With Parliament resuming after Waitangi Day, we may be about to see what real minority government looks like. While the past five governments have all been minority ones (the 1993 government due to pre-MMP party splits; the 1996 one following the breakup of NZ First, and the others intentionally), all have been fairly strong minorities. The 1999 Labour-Alliance minority coalition was able to dominate the select committees and rely on the Greens for legislative support; the 2002 Labour-Progressive minority government could usually find friends on the committees and could pick from three possible partners when trying to pass legislation. The present government isn't so lucky. The resurgence of the opposition, relatively small size of the minor parties, and looseness of support arrangements means that the government does not have a majority on any of the select committees, and this is already causing them problems. So far those problems have been limited to beginning embarrassing inquiries into TVNZ and the Department of Corrections, but it could extend to disrupting the government's legislative program. While a select committee recommendation to drop a bill could be overturned, given that such a recommendation would require the backing of at least one of the minor parties, there may not be a majority for the government to do so. The government will have to work very carefully indeed to build coalitions for every piece of legislation, and almost certainly make major concessions to the minor parties to get anything passed.
But that's not the half of it. While the government will still be able to dominate the Parliamentary agenda, the other parties have an avenue for pursuing agendas of their own, in the form of private member's bills. And given that the government does not have a legislative majority, it is entirely possible that bills introduced by National, ACT or NZFirst could end up passing.
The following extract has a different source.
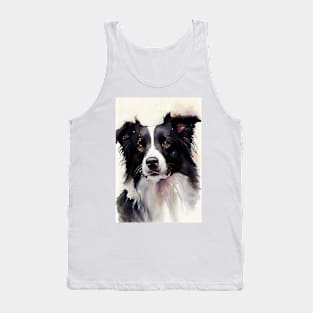 Black and White Border Collie Watercolor Portrait Tank Top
While the government is able to exercise a financial veto on anything which would have more than a "minor impact" on the crown's overall fiscal position or on the composition of a vote (ruling out tax-cuts and gutting or disestablishing ministries - at least if they're willing to lump the political cost), this still leaves the opposition and minor parties vast room to enact legislation. Criminal, employment and constitutional law are all entirely up for grabs, as are "moral issues", drug laws, and commercial law.
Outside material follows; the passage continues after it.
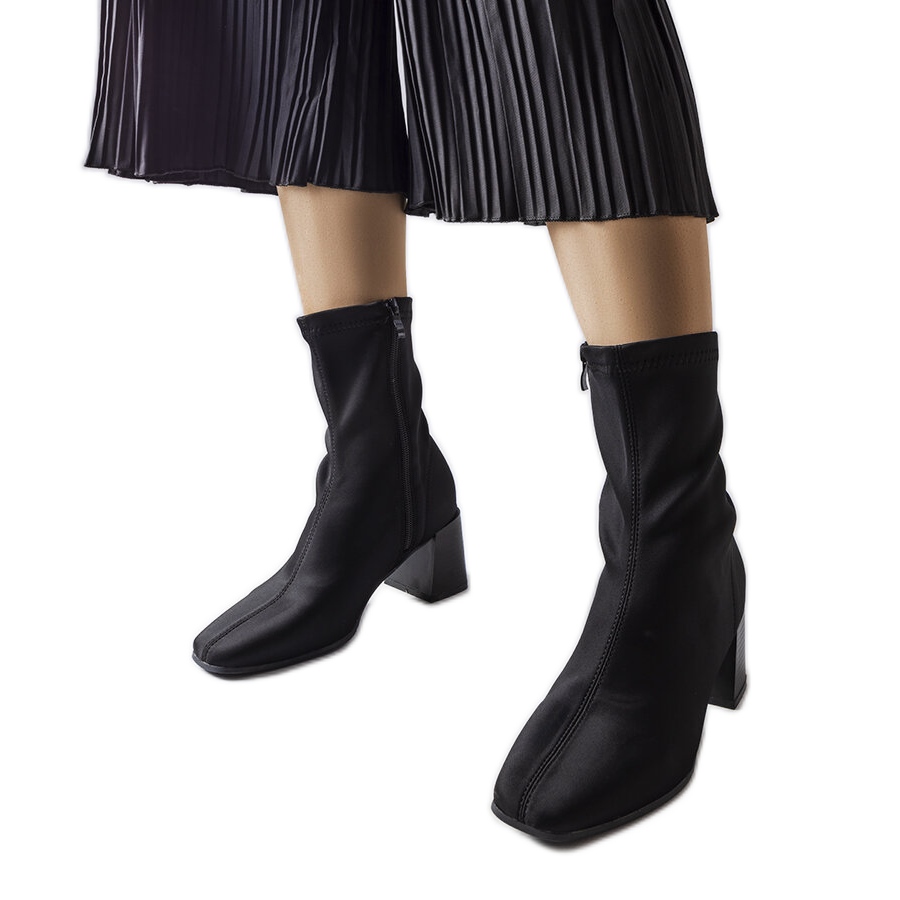 Black satin ankle boots best sale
This makes the private member's bill ballot far more important then it was previously. Unfortunately, it's one of the few areas of Parliamentary business about which there is relatively little information. A list of bills in the ballot is published in the Parliamentary Bulletin - but only in hardcopy, and only after the draw has been held. Meaning that the public has no way of knowing in advance what might be in there, and no way of holding our representatives to account for it. This has to change, and I've written to the Clerk to try and get more information put online. In the meantime, I'll try and get information out of MPs on their bills (those of them I know about) and try and inform people of what they're trying to do.
I should also note that, statistically, National has good odds of getting a bill drawn. The last ballot had 28 bills in it, and 11 of them were from National (perversely, two of the three bills drawn were from ACT). If they used their full allocation of 48 bills (one per MP), then the odds would be massively in their favour. This suggests that Labour backbenchers should be submitting private member's bills, if only to reduce the odds of an opposition bill being drawn. Though ideally, I'd prefer it if they used such bills to try and advance progressive causes as well. Currently only Darien Fenton and Maryan Street are doing this at the moment, with bills to adjust the minimum wage and alter residential tenancy laws, but I'd certainly like to see more of them make a go of it. And if anyone is in need of a bill to submit, how about repealing the archaic crime of sedition?